Anyway, all this got me thinking of how often we leave things that are so essential and foundational, buried until something or someone makes us dig it all up and then before we know it we are in a whole lot more trouble than we figured. It’s so easy to forget things that are out-of-sight, out-of-mind, so easy to forget how important they are to our well-being. And I’m not just talking septic tanks here, I’m talking about our emotional well-being and our spiritual well-being.
If you are anything like me, sometimes it’s just easier to ignore things that are buried, rather than go to all the trouble of digging them up. Life is good and floating along just dandy, but always in the back of your mind you know you should really take care of that thing––you know that thing you’ve stuffed down, pushed back, said you’d deal with when you have the time or the strength or the energy––that thing that is some day gonna rear it’s ugly head and take a chunk outa you.
So one day you get proactive and you start digging. You ask people for advice; people you think should know about that kind of stuff; people who advertise knowing about that kind of stuff. Professional people even. But they are USELESS. Worse than useless. They give you faulty advice, because they aren’t very knowledgeable or only have limited experience, but apply that limited experience in broad strokes to cover all areas. It causes damage and unnecessary spiritual or emotional excavating that leaves gaping wounds.
So you scout around, a little more wary. You start asking better questions. And you get a avalanche of answers and stories and advice. As you sift through it all, you start to get a better picture of what needs to be done, and you are more careful to double check what people are telling you to do––not so quick to take it as truth just yet.

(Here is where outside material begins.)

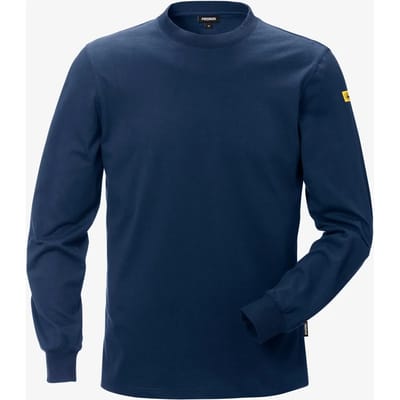 Fristads Esd T-Shirt Lange Mouwen 7082 Xtm - Donker marineblauw - 4XL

As well, you become more adept at telling people your situation. You don’t just throw a bunch of words out and hope someone understands, because that isn’t going to happen you realize after being burned once or twice. You need to be more clear, more precise, more certain of what you need done. You gain knowledge and understanding and eventually if you are lucky you end up with someone at your side, who is trustworthy and has a clear understanding of what you need to do––what is necessary for healing and what is unnecessary. And when you find that someone, realize how blessed you are for having them in your life! These people are the ones who can help you deal with that thing; they can support, they can give wise counsel and they can keep you from following faulty advice.

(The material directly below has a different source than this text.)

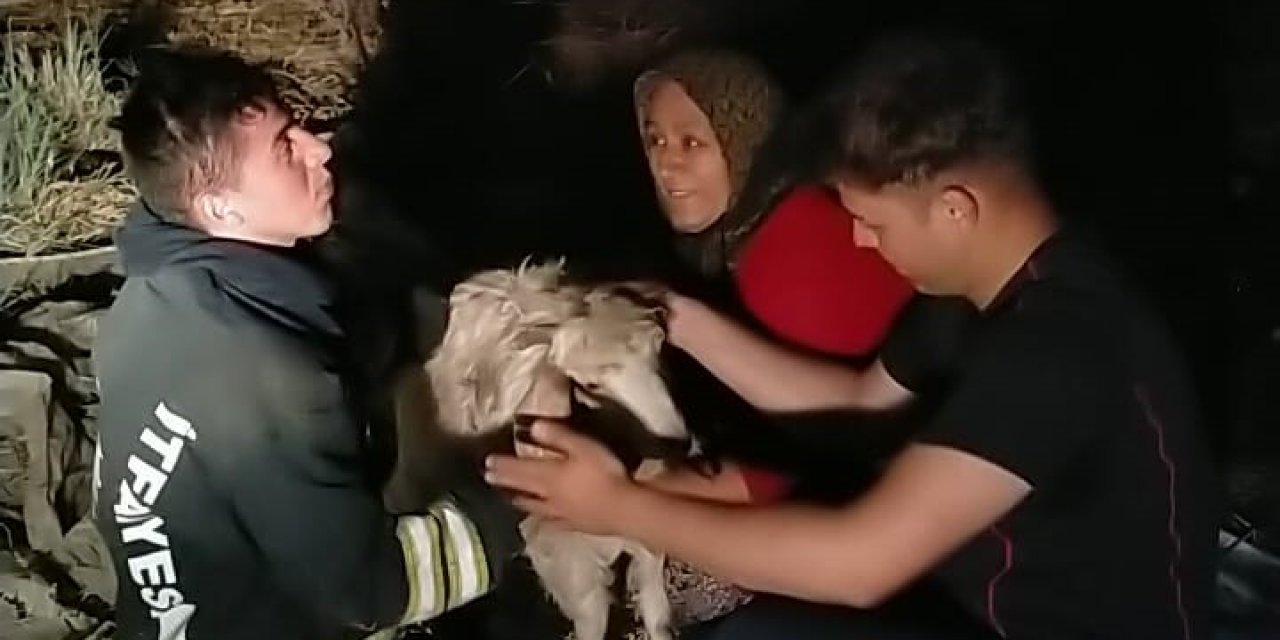Konya’da 12 Metrelik Kuyuya Düşen Keçiyi İtfaiye Kurtardı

So from septic tanks to buried emotional baggage, be careful who you listen to and take advice from; not everyone is qualified to speak into your life.
And you don’t have to follow everyone out there even if they are sincere and genuinely adamant in their opinion––even if they are a professional. Find those people who care about you more, than just getting the job done, and surround yourself with them.

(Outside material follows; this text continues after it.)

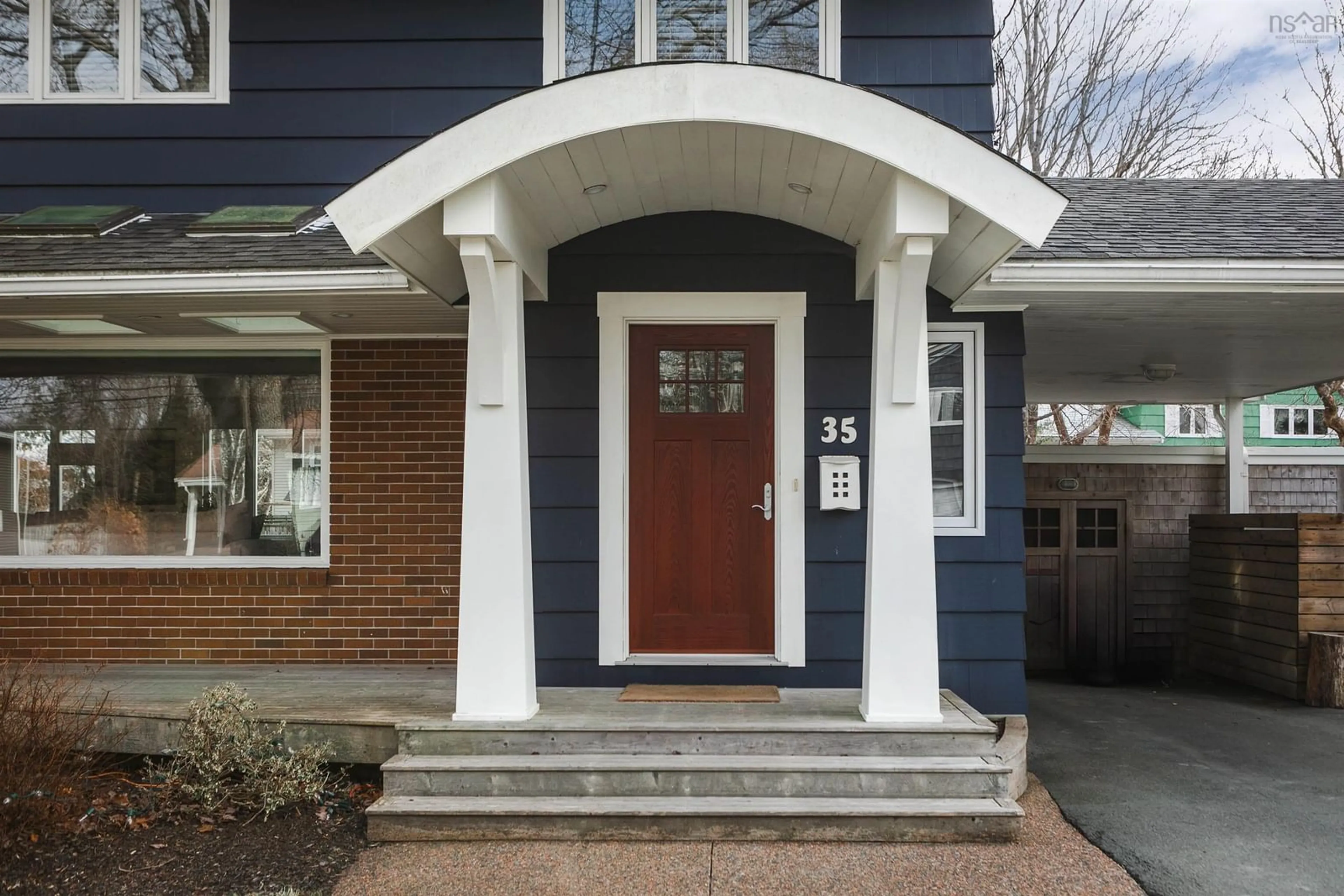 Home with brick exterior material, street for 35 Nightingale Dr, Halifax Nova Scotia B3M 1V2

On the other hand, give leniency to those who’ve hurt you in advising you wrongly––who’ve caused unnecessary damage or unknowingly wounded you––because it is likely they are only acting out of their own limited knowledge and experience and didn’t realize that their suggestions didn’t fit your situation.
As well, if you are the one doing the advising, don’t assume you know it all! Make sure you are listening and not just talking. Be careful that you aren’t just taking over, or taking advantage of them while they are trusting you to help them figure things out. Be straightforward and honest with what you know and don’t know. I have found this goes along ways with people looking for help in all kinds of situations. And I know because I’m usually the one looking for help!
So I hope you won’t find yourself digging holes in the near future, but if you do, know that I’ve been there (both physically and spiritually lately) and it all works out if you have the right kind of people helping you!